■ About this exercise ■
Send back the line that contains "Hyundai ix20 MPV 1,4 l 66 kw" and all lines following it through the end of the data below, exactly, omitting pictures.

■ Source material ■
---

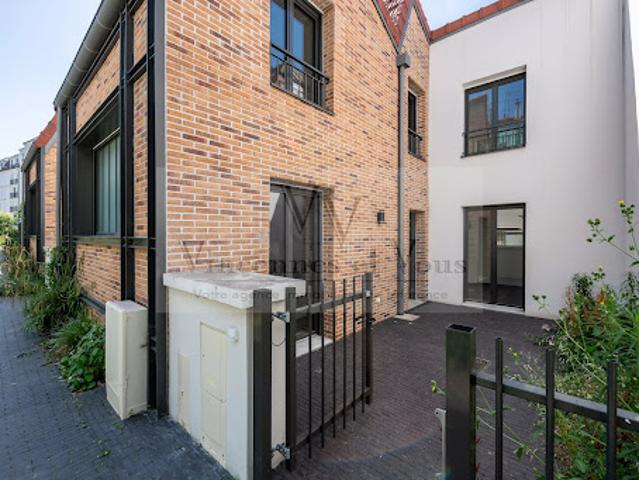 Location Maison 4 pièces 83.81 m2 Vincennes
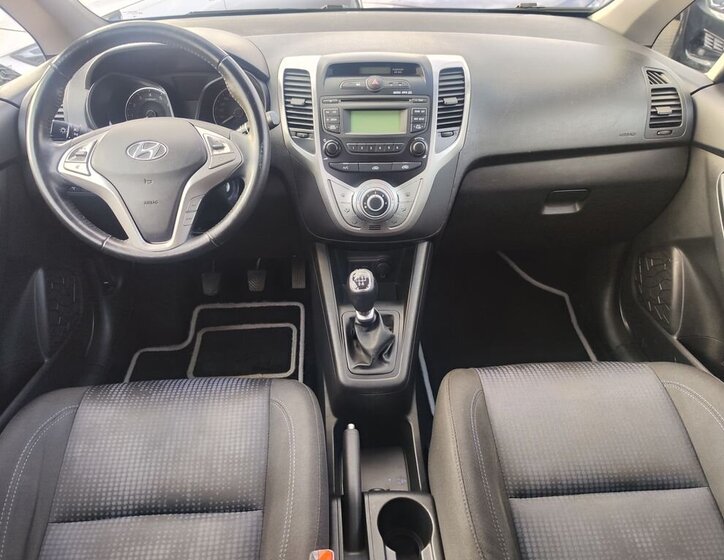 Hyundai ix20 MPV 1,4 l 66 kw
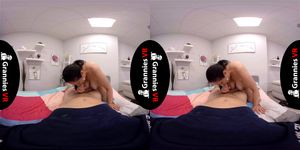 体验身临其境的 VR 成人影片，探索激情与欲望的世界。本片以高清画质呈现，带来极致感官享受，适合寻求刺激的成年观众。沉浸在虚拟现实中，感受真实互动，尽享成人娱乐的快感。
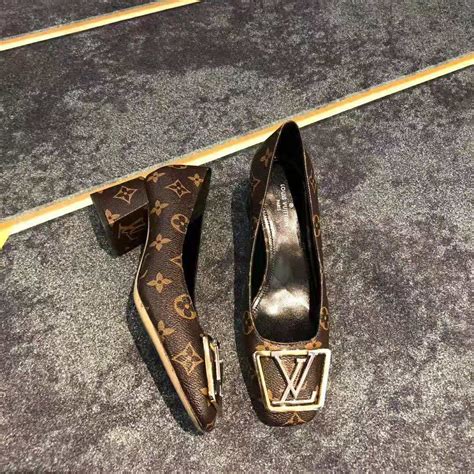 nude louis vuitton|Women's Pumps: High & Low Heel Shoes .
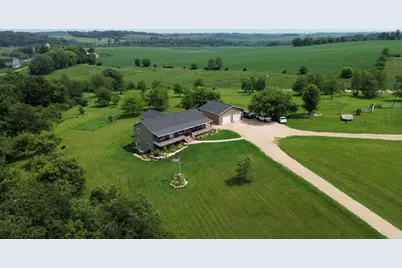 16874 Pond View Lane, Mineral Point, WI 53565 - Photo 6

---

■ Reply to the exercise ■
 Hyundai ix20 MPV 1,4 l 66 kw
 体验身临其境的 VR 成人影片，探索激情与欲望的世界。本片以高清画质呈现，带来极致感官享受，适合寻求刺激的成年观众。沉浸在虚拟现实中，感受真实互动，尽享成人娱乐的快感。
 nude louis vuitton|Women's Pumps: High & Low Heel Shoes .
 16874 Pond View Lane, Mineral Point, WI 53565 - Photo 6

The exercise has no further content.